As a demonstration of the power of evolution and the history of species extinction events, I would like to introduce you to Arctotherium angustidens, the largest prehistoric bear which lived in South America between 2 million and 500,000 years ago. It was a veritable giant when compared with polar bears today.

Based on measurements of the fossil’s leg bones and equations used to estimate body mass, the researchers say the bear would have stood at least 11 feet tall (3.3 meters) on its hind legs and would have weighed between 3,500 and 3,855 pounds (1,588 and 1,749 kilograms). In comparison, “the largest record for a living bear is a male polar bear that obtained the weight of about 2,200 pounds (1,000 kg),” said researcher Leopoldo Soibelzon, a paleontologist at the La Plata Museum.”During its time, this bear was the largest and most powerful land predator in the world,” researcher Blaine Schubert, a paleontologist at East Tennessee State University in Johnson City, told LiveScience. “It’s always extremely exciting to find something that’s the largest of its class — and not just a little bit larger, but quite a bit larger.”
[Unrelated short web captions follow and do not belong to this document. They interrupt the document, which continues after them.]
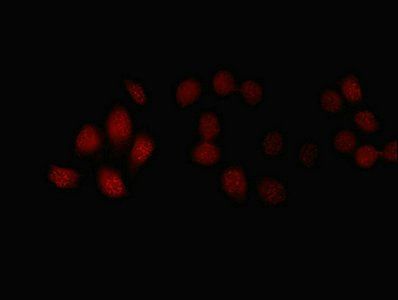 F-box/LRR-repeat protein 18 antibody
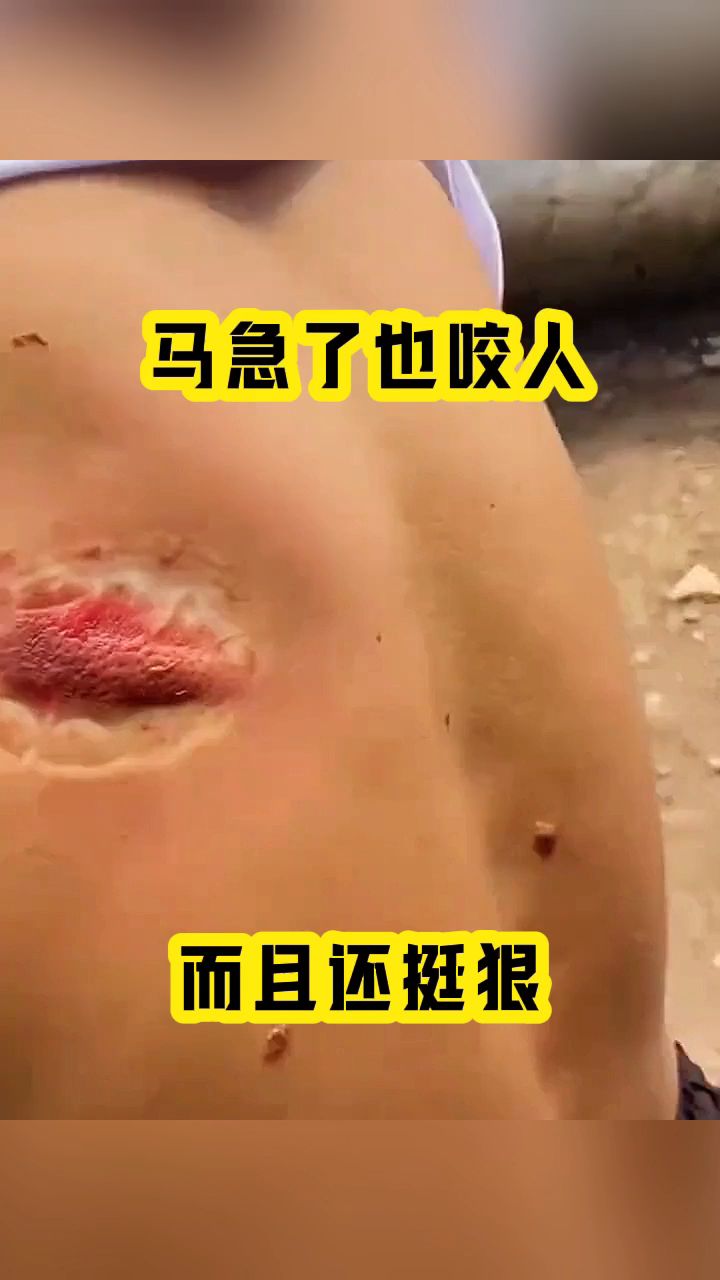 马急了也咬人,而且还挺狠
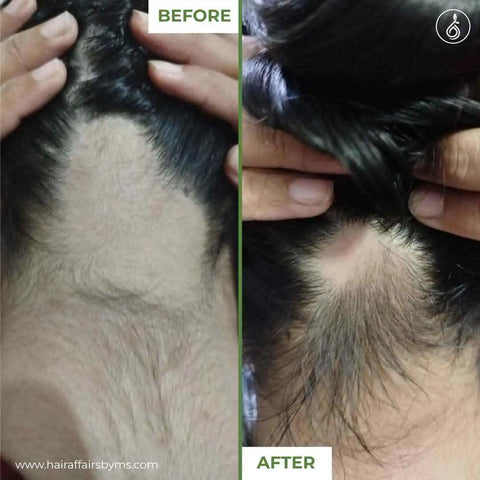 Before & after results of medicated hair loss treatment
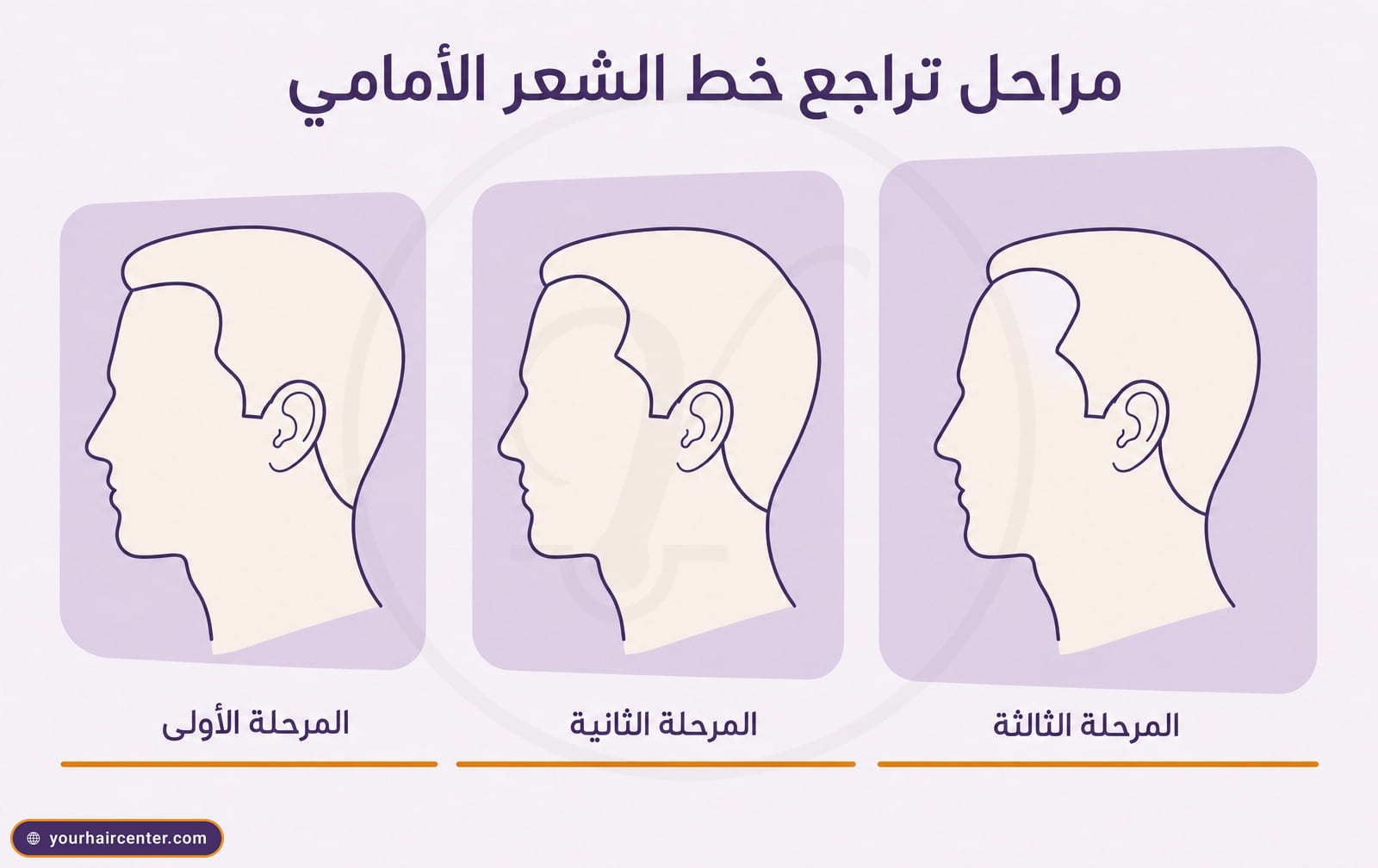 مخطط مراحل نورود الثلاث الأولى لتراجع خط الشعر الأمامي عند الصدغين والجبهة بأسلوب رسمي بنفسجي وكريمي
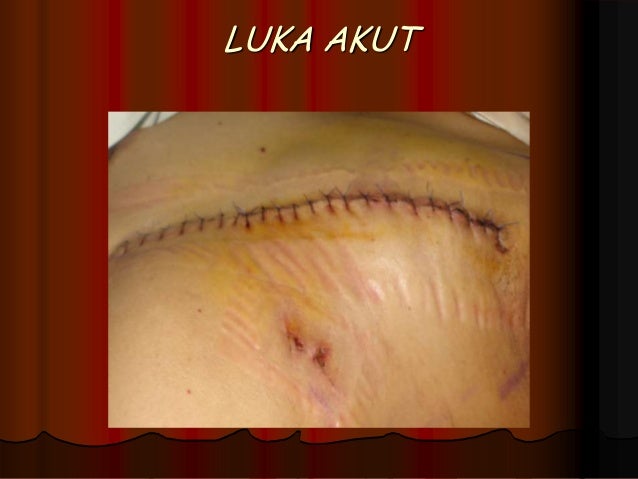Wound care new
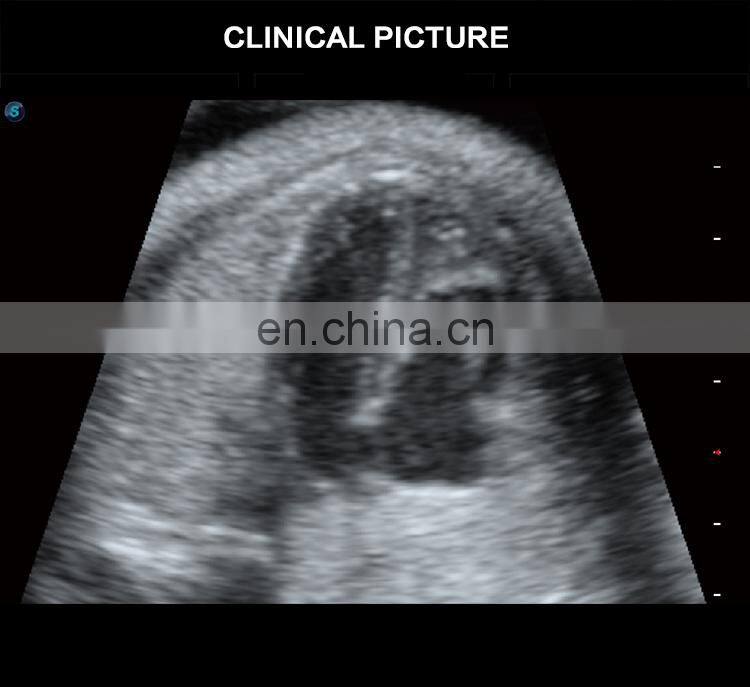 Latest Version Sonoscape P15 Trolley Color Ultrasound machine /cw color doppler ultrasound Sonoscape P15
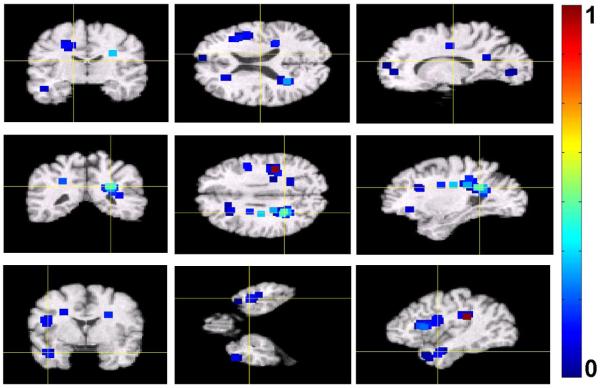 Figure 14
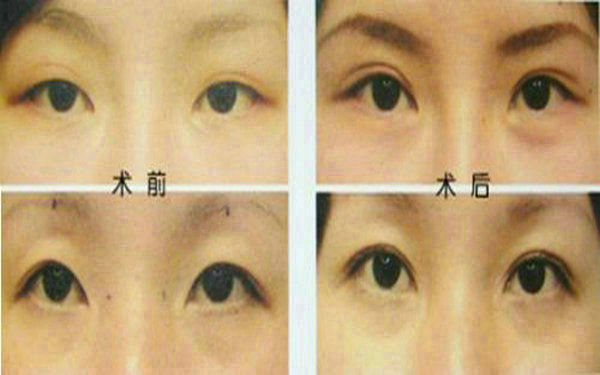 <a href=http://www.sbs17.com/listinfo-655-0.html target=_blank class=infotextkey>切眉</a>后多久可以<a href=http://www.sbs17.com/listinfo-657-0.html target=_blank class=infotextkey>繡眉</a>?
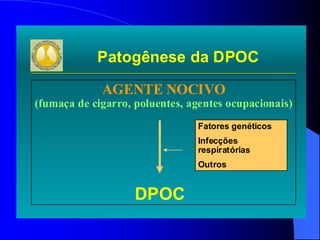 Patogênese da DPOC
AGENTE NOCIVO
(fumaça de cigarro, poluentes, agentes ocupacionais)
DPOC
Fatores genéticos
Infecções
respiratórias
Outros
 
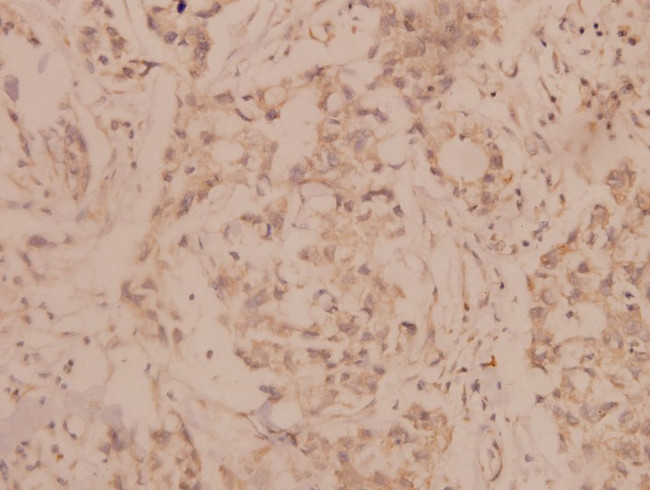 MMP8 Antibody in Immunohistochemistry (Paraffin) (IHC (P))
It became extinct due to increasing competition from other large carnivores (such as big cats and canids) as the South American carnivore population became more diverse after the Great American Biotic Interchange (when the land bridge between the 2 Americans arose during the late Cenozoic around 3–2.5 million years ago).

In other words, cats and dogs evolved to out-compete these bears. So, in using “evolution” to explain what climate change is doing to polar bear genetics, the climate cultists have reached for the most laughable explanation they could give.

Additionally, I predict that there will be even more polar bears in 2050.